### YOUR ASSIGNMENT
A word-for-word copy of the entries, with the images left out, is what you should write.

### INFORMATION GIVEN
□ □ □ □ □
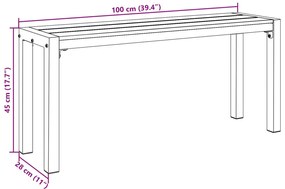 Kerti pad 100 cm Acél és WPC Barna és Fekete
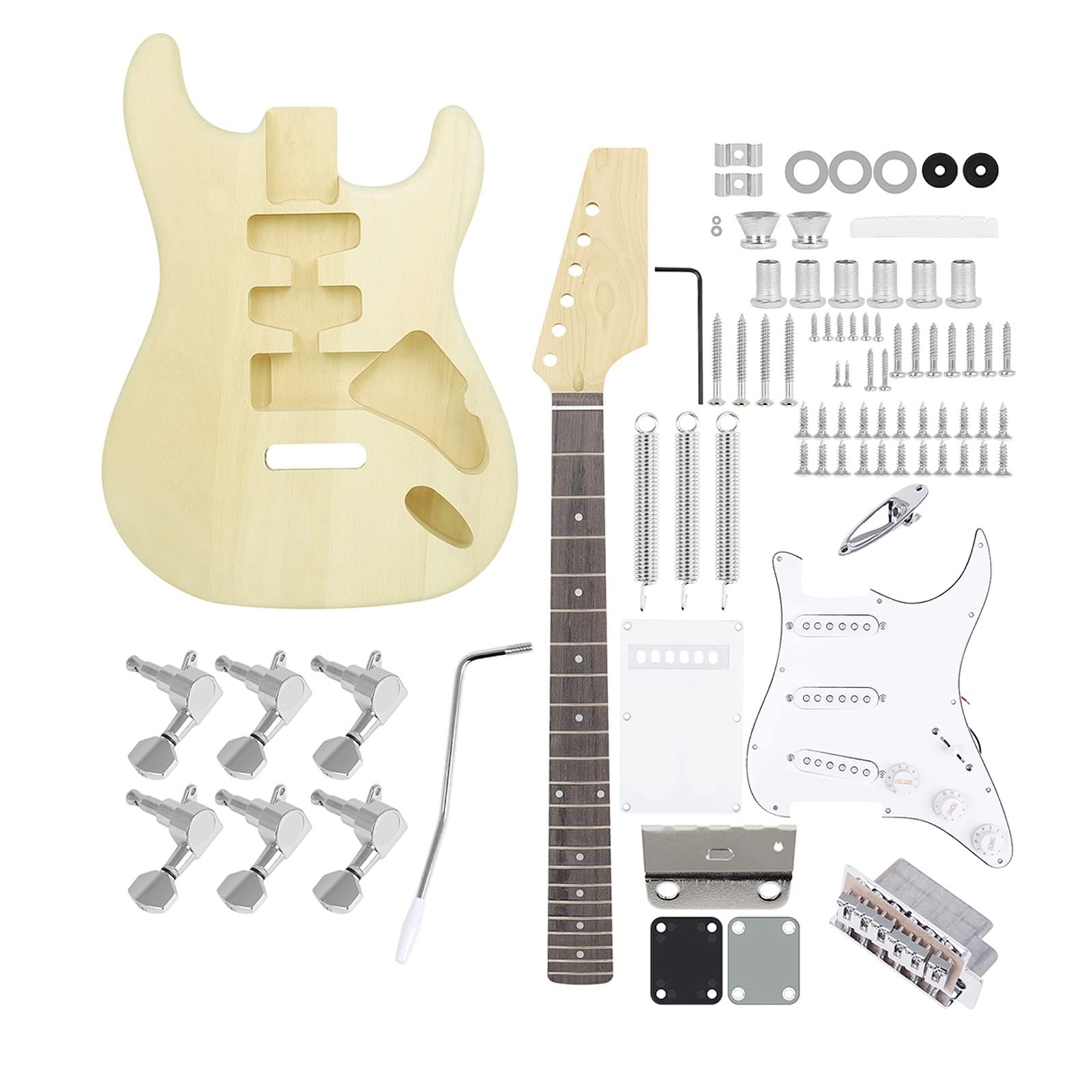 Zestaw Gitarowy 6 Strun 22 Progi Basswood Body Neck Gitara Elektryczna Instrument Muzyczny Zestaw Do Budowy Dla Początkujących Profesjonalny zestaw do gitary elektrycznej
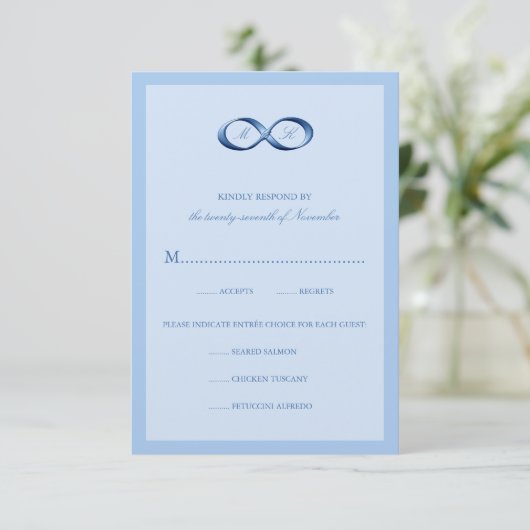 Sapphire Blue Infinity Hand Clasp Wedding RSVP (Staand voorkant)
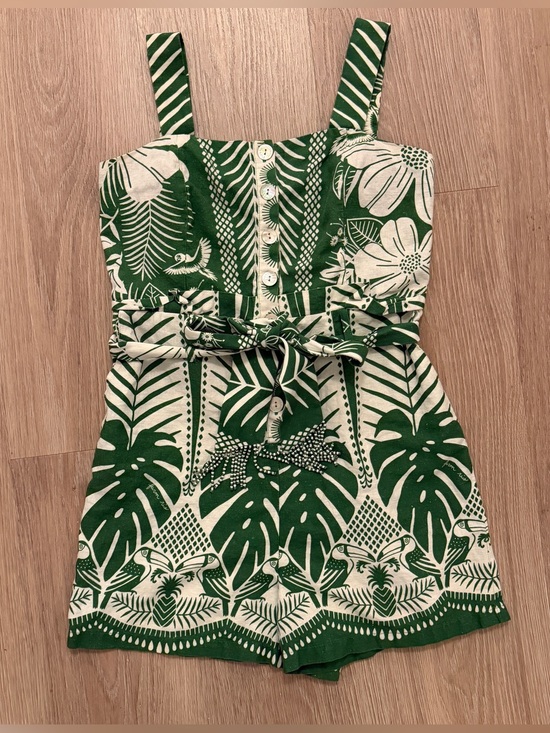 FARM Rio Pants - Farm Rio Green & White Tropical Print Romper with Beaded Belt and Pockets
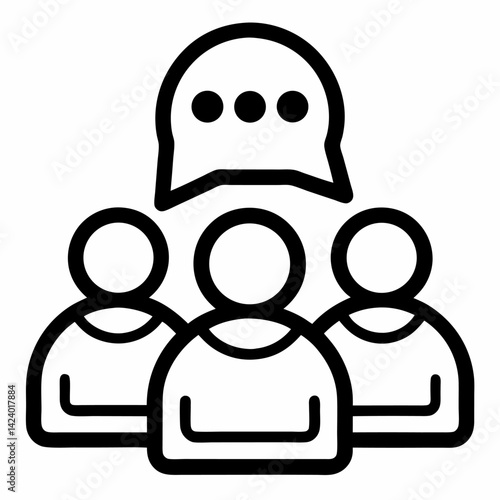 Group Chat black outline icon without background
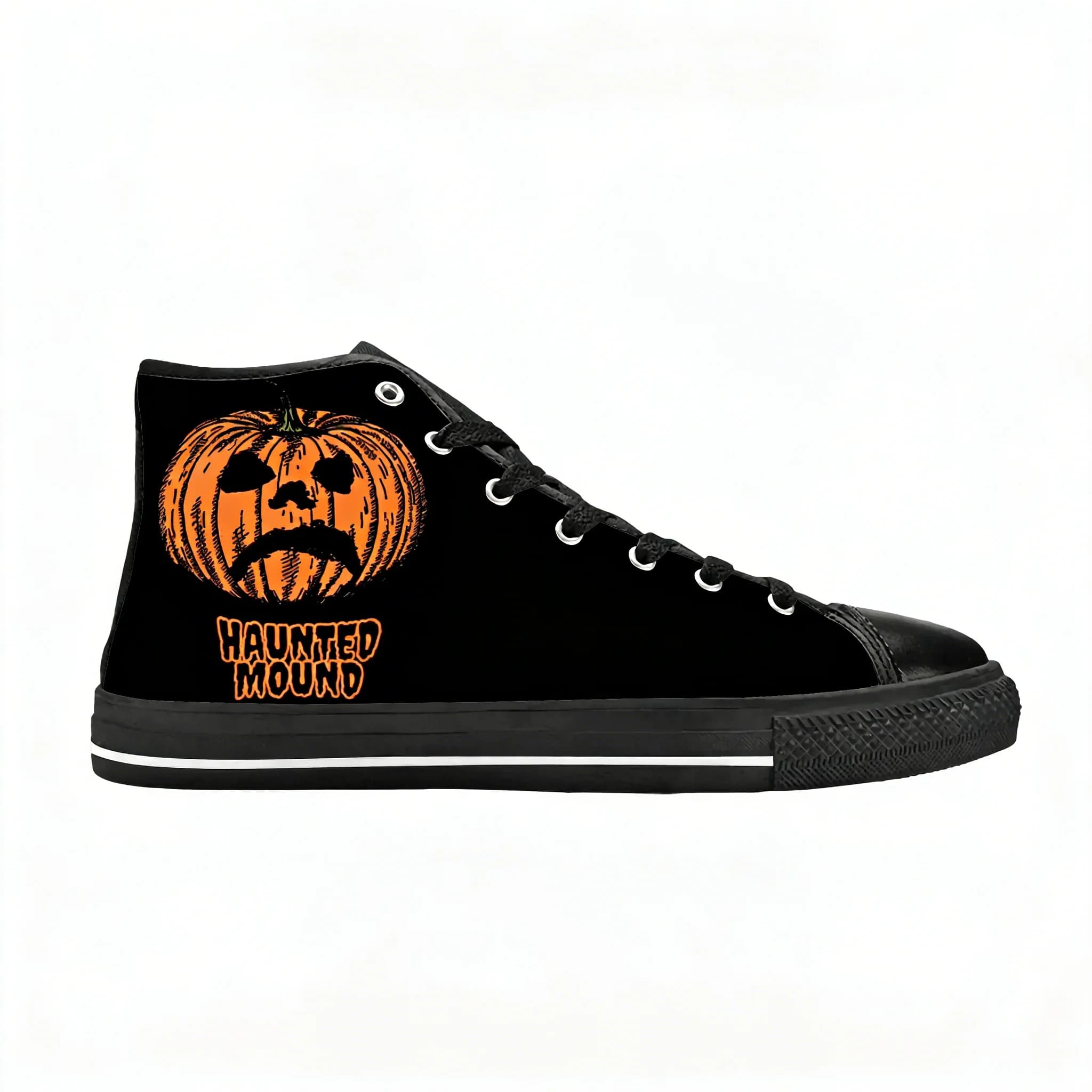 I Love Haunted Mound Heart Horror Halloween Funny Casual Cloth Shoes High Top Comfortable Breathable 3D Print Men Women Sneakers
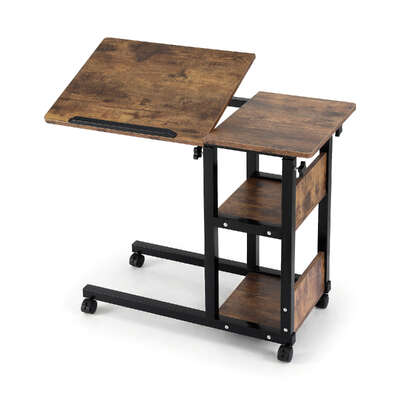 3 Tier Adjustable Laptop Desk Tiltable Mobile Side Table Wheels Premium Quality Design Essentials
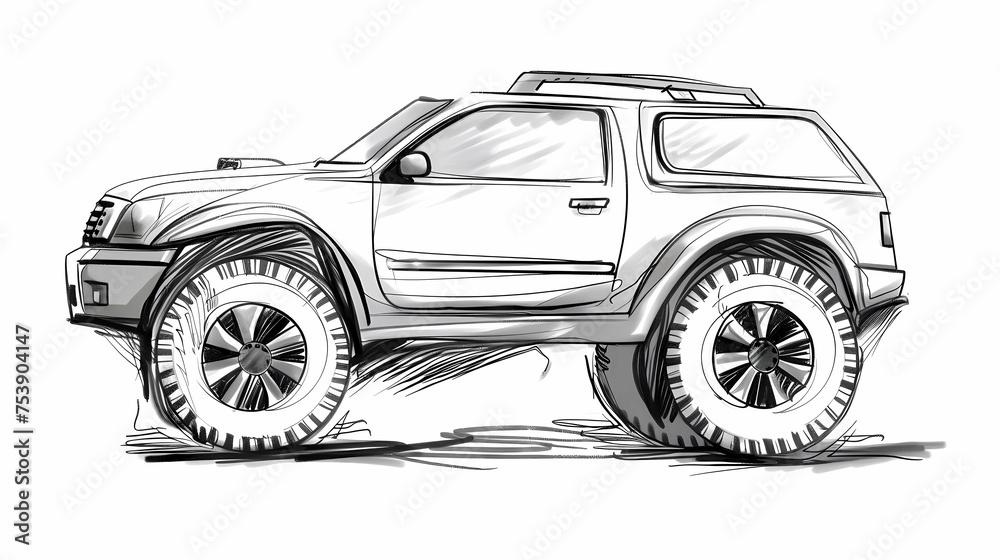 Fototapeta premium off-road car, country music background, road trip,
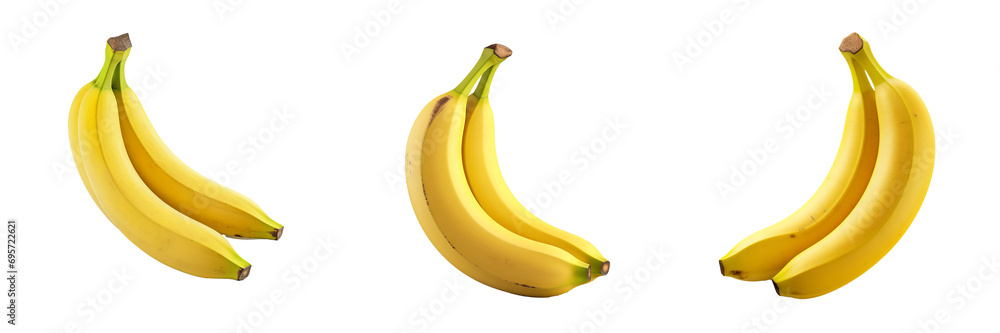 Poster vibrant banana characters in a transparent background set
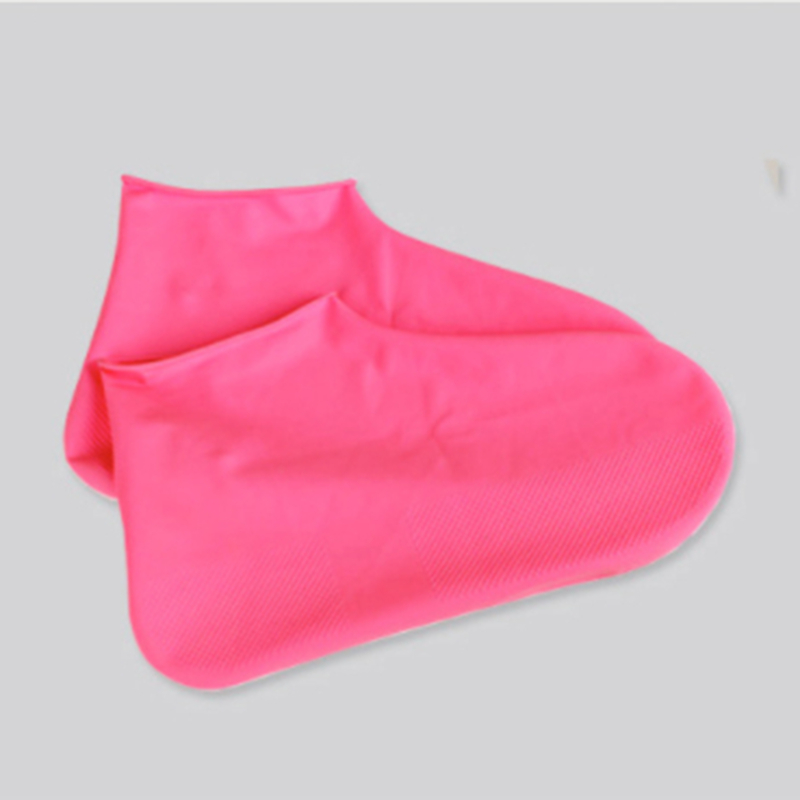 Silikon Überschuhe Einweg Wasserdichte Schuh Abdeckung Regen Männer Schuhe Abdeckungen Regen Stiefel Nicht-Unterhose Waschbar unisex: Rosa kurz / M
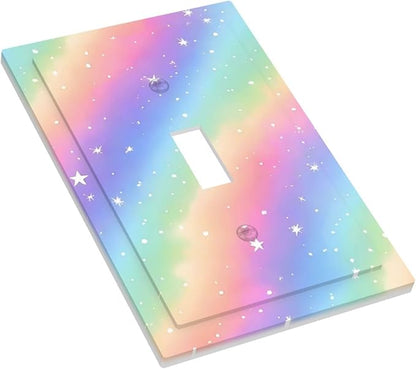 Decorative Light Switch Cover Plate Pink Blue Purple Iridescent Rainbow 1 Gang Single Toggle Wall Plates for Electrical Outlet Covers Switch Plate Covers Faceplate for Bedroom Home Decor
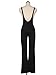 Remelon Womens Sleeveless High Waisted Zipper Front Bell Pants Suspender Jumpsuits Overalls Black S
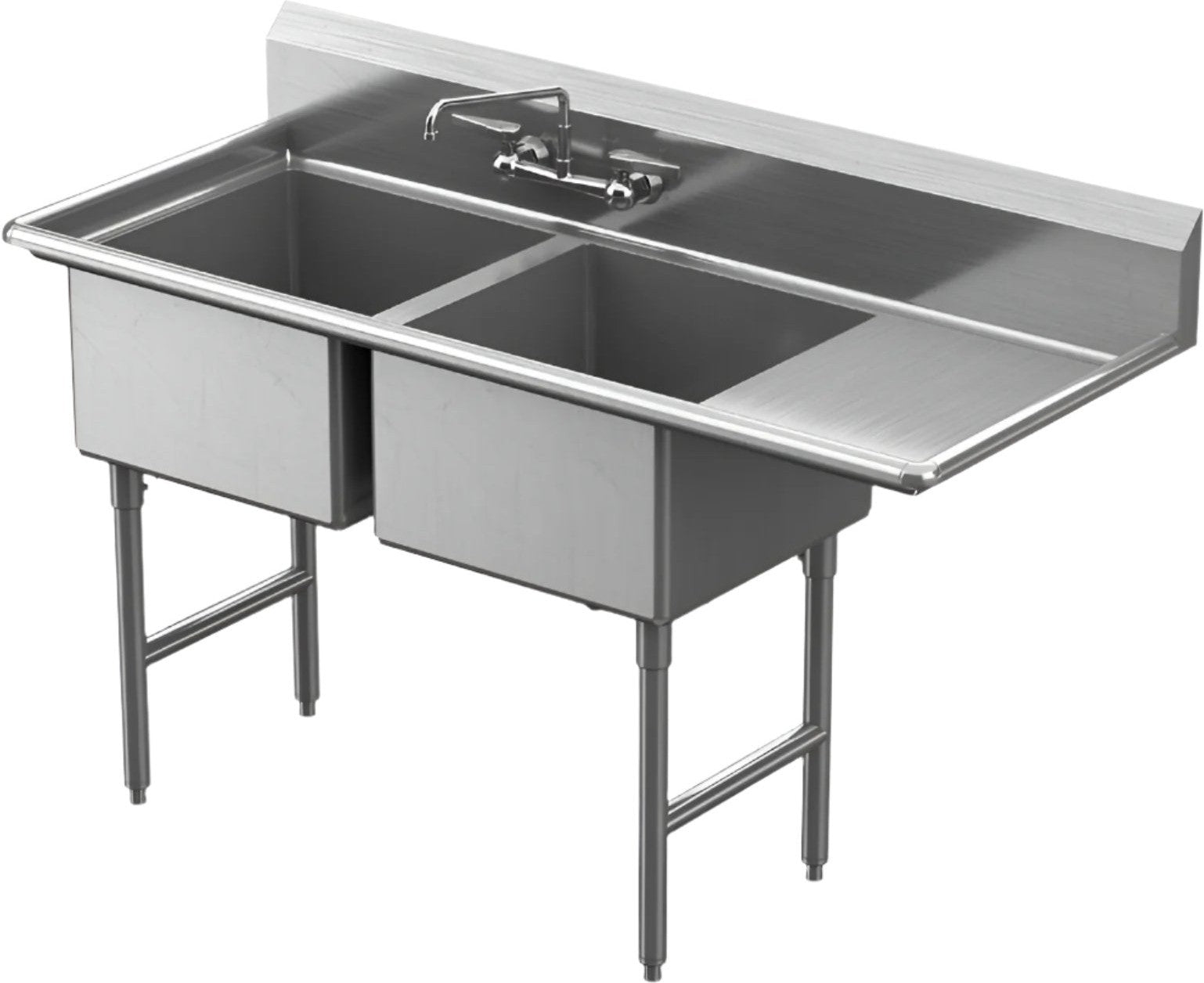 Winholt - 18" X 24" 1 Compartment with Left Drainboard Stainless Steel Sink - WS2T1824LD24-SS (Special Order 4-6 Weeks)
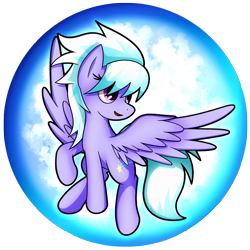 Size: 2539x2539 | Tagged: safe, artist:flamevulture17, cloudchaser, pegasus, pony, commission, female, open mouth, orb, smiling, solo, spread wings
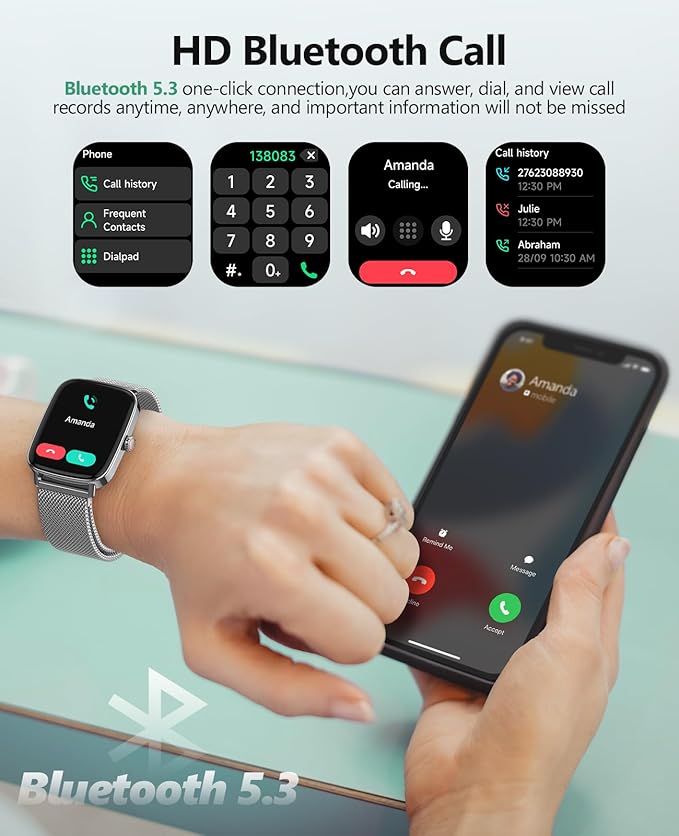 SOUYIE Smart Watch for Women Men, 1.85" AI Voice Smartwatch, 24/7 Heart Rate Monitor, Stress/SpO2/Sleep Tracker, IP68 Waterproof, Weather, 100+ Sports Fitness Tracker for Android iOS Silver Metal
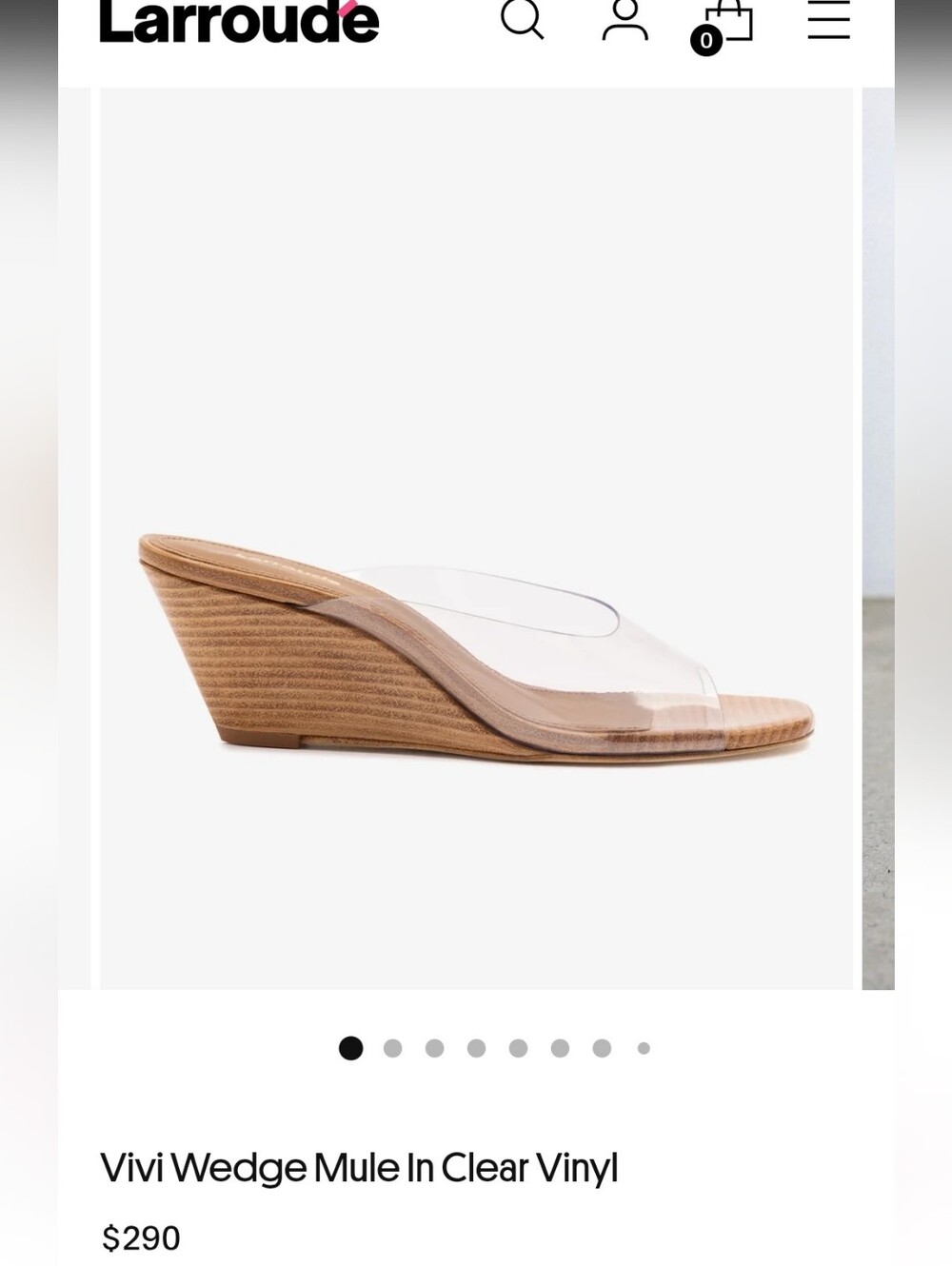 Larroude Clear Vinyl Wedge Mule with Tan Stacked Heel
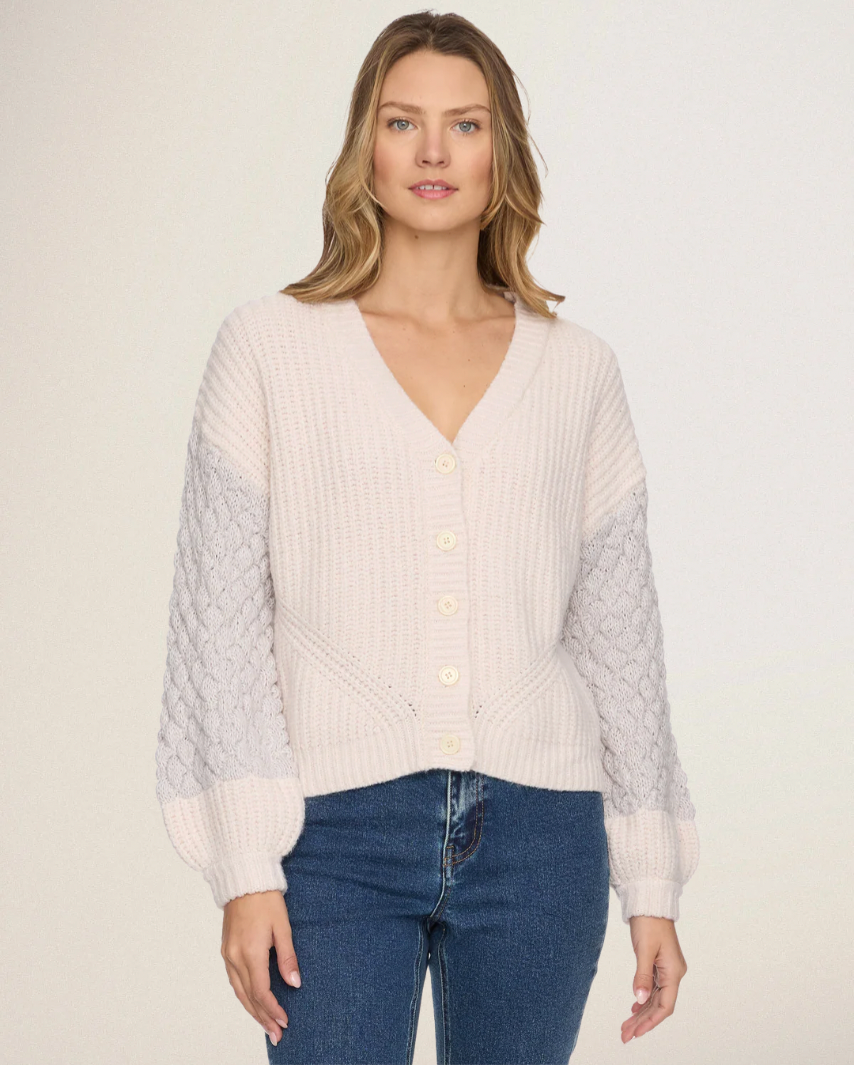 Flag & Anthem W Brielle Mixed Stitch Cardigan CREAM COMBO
□ □ □ □ □
### RESULT OF THE EXERCISE
 Kerti pad 100 cm Acél és WPC Barna és Fekete
 Zestaw Gitarowy 6 Strun 22 Progi Basswood Body Neck Gitara Elektryczna Instrument Muzyczny Zestaw Do Budowy Dla Początkujących Profesjonalny zestaw do gitary elektrycznej
 Sapphire Blue Infinity Hand Clasp Wedding RSVP (Staand voorkant)
 FARM Rio Pants - Farm Rio Green & White Tropical Print Romper with Beaded Belt and Pockets
 Group Chat black outline icon without background
 I Love Haunted Mound Heart Horror Halloween Funny Casual Cloth Shoes High Top Comfortable Breathable 3D Print Men Women Sneakers
 3 Tier Adjustable Laptop Desk Tiltable Mobile Side Table Wheels Premium Quality Design Essentials
 Fototapeta premium off-road car, country music background, road trip,
 Poster vibrant banana characters in a transparent background set
 Silikon Überschuhe Einweg Wasserdichte Schuh Abdeckung Regen Männer Schuhe Abdeckungen Regen Stiefel Nicht-Unterhose Waschbar unisex: Rosa kurz / M
 Decorative Light Switch Cover Plate Pink Blue Purple Iridescent Rainbow 1 Gang Single Toggle Wall Plates for Electrical Outlet Covers Switch Plate Covers Faceplate for Bedroom Home Decor
 Remelon Womens Sleeveless High Waisted Zipper Front Bell Pants Suspender Jumpsuits Overalls Black S
 Winholt - 18" X 24" 1 Compartment with Left Drainboard Stainless Steel Sink - WS2T1824LD24-SS (Special Order 4-6 Weeks)
 Size: 2539x2539 | Tagged: safe, artist:flamevulture17, cloudchaser, pegasus, pony, commission, female, open mouth, orb, smiling, solo, spread wings
 SOUYIE Smart Watch for Women Men, 1.85" AI Voice Smartwatch, 24/7 Heart Rate Monitor, Stress/SpO2/Sleep Tracker, IP68 Waterproof, Weather, 100+ Sports Fitness Tracker for Android iOS Silver Metal
 Larroude Clear Vinyl Wedge Mule with Tan Stacked Heel
 Flag & Anthem W Brielle Mixed Stitch Cardigan CREAM COMBO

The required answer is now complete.